Cela dit, j’ajoute deux remarques complémentaires: premièrement, le nombre de cas prouve bien que l’on n’est pas en présence de 100% de coïncidences. Deuxièmement, je trouve cela aussi honteux, ridicule et suicidaire de ne jamais vérifier si une idée a déjà été faite avant de perdre du temps et de l’argent pour la réaliser.

Le métier de copycat hunter existait-il ‘avant vous’? Pourquoi l’être devenu?

«Ce n’est pas un métier car je ne gagne pas – hélas – ma vie avec ça. Je dirais plutôt que c’est un hobby. Un hobby très, mais vraiment très prenant, qui me bouffe pas mal de mon temps libre, mais que j’adore et qui m’amuse. Je ne crois pas que ça existait avant, en tout cas pas dans la publicité, même si le sport national en agence a toujours été de dire à ses collègues ‘ton truc, je l’ai déjà vu quelque part’. En ce sens, je n’ai rien inventé.

Je le suis devenu un peu par hasard, parce qu’Internet a permis de mener cela à bien, à moindres frais et d’une manière beaucoup plus simple et globale.
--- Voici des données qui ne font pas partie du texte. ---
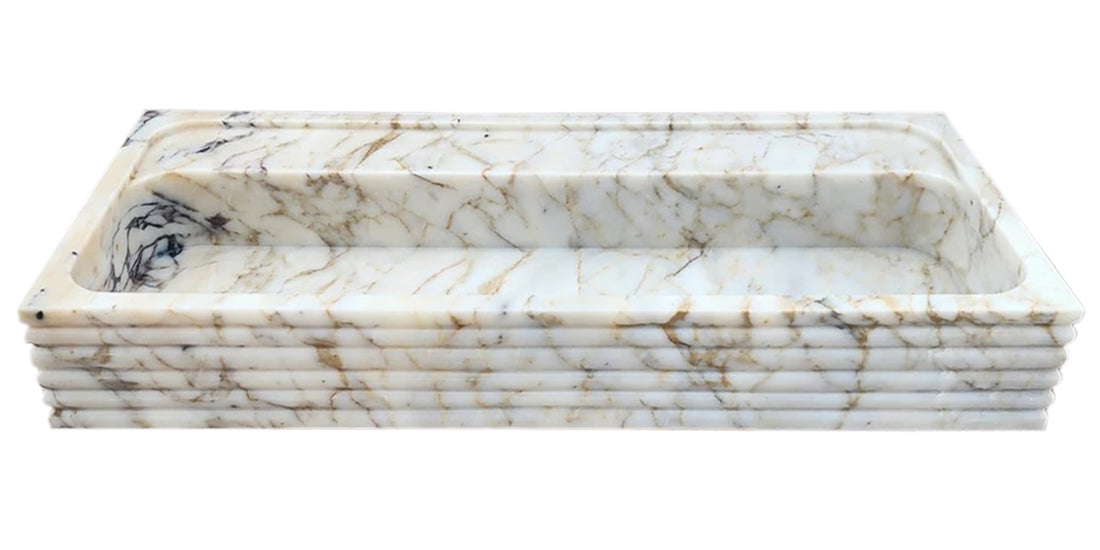 Calacatta Viola Gold Marble Wall-mount Bathroom Sink Horizontal Fluted (W)16" (W)36" (H)5" front view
Ce qui était un petit passe-temps personnel est devenu mondial grâce au net. Et plus j’ai été sollicité par les internautes de tous pays, plus j’ai eu envie de continuer.

Avec la mondialisation, les goûts et les réflexes culturels ont tendance à s’uniformiser. Cela se sent-il dans la création publicitaire?

«Evidemment! D’autant plus que les créatifs publicitaires du monde entier ont tous à peu près le même âge, à savoir entre 25 et 40 ans. Ils s’habillent pareil: en Nike, en Diesel ou en Levi’s. Ils ont les mêmes références: les films américains ou Internet… Et enfin, ils travaillent sur le même matériel: Apple, Photoshop, Getty images…

En plus, les festivals internationaux accentuent encore plus cela, dans le sens où pour y briller, il faut faire simple et compréhensible de tous – les jurés sont issus des tous les pays – et en anglais. D’où une assez grande uniformisation, qui n’en demeure pas moins paradoxale, car tous sont à la recherche d’idées ‘originales’.

Avec la multiplication des agences, des créatifs, des produits, des marques, est-il encore possible d’être original?

«Heureusement que oui! Tout a déjà été fait… mais pas de toutes les façons. Même si je continue à trouver toujours autant de créations ‘déjà vues’, dans le même temps on voit chaque semaine des nouvelles idées pointer le bout de leur nez. Chaque année, à Cannes, je suis surpris de voir de nouvelles idées émerger malgré le fait que des centaines de milliers d’idées ont déjà été trouvées.

Et puis la nouvelle génération a une chance inouïe avec le développement de nouveaux supports (Internet, mobile) qui n’existaient pas auparavant et qui ouvrent la voie à de nouvelles exécutions.»